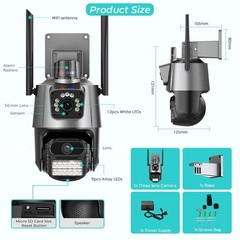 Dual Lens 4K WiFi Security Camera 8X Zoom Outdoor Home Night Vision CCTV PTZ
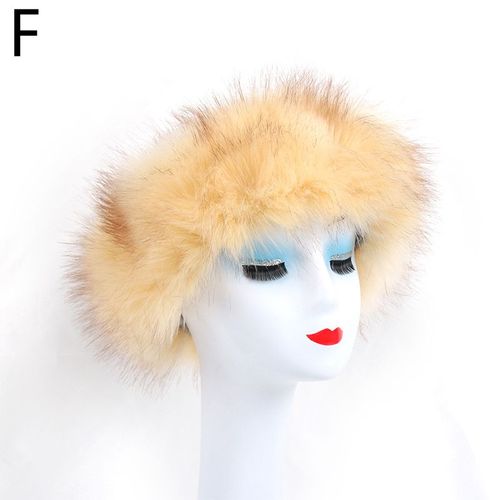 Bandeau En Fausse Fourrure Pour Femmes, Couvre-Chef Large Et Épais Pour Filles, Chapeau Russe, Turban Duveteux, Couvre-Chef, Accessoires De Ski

== == ==

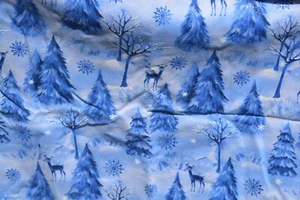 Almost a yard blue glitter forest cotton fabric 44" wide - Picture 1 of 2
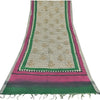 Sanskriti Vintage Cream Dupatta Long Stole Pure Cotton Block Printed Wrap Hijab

== == ==

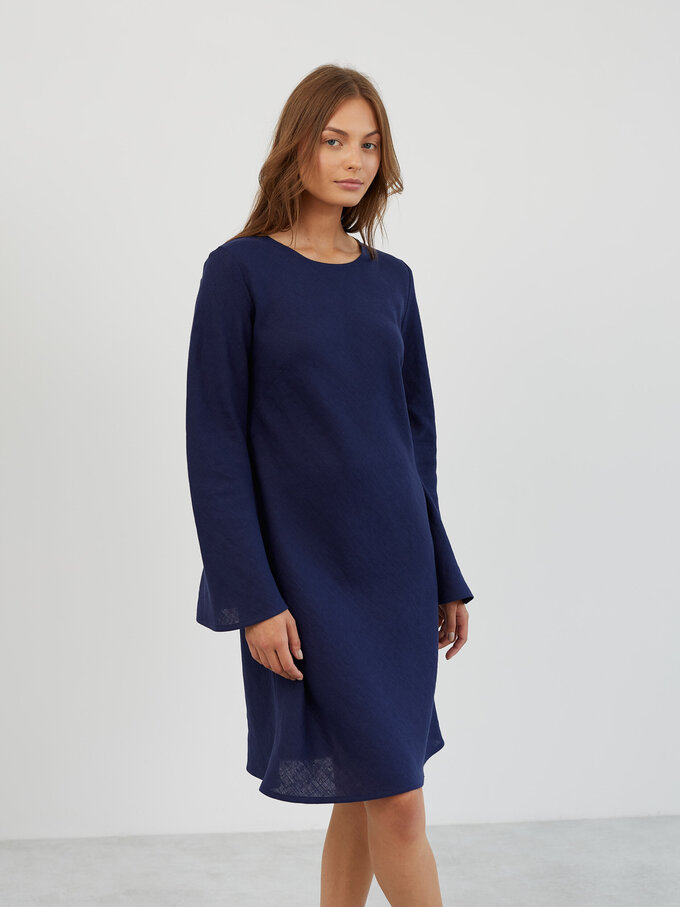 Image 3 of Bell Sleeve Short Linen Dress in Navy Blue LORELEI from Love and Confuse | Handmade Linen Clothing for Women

== == ==

§ WHAT NEEDS TO BE DONE: Print, word for word, the lines above that run from the line containing "Dual Lens 4K" to the line containing "Bandeau En Fausse", both included. Keep the pictures out.

§ TASK ANSWER:
 Dual Lens 4K WiFi Security Camera 8X Zoom Outdoor Home Night Vision CCTV PTZ
 Bandeau En Fausse Fourrure Pour Femmes, Couvre-Chef Large Et Épais Pour Filles, Chapeau Russe, Turban Duveteux, Couvre-Chef, Accessoires De Ski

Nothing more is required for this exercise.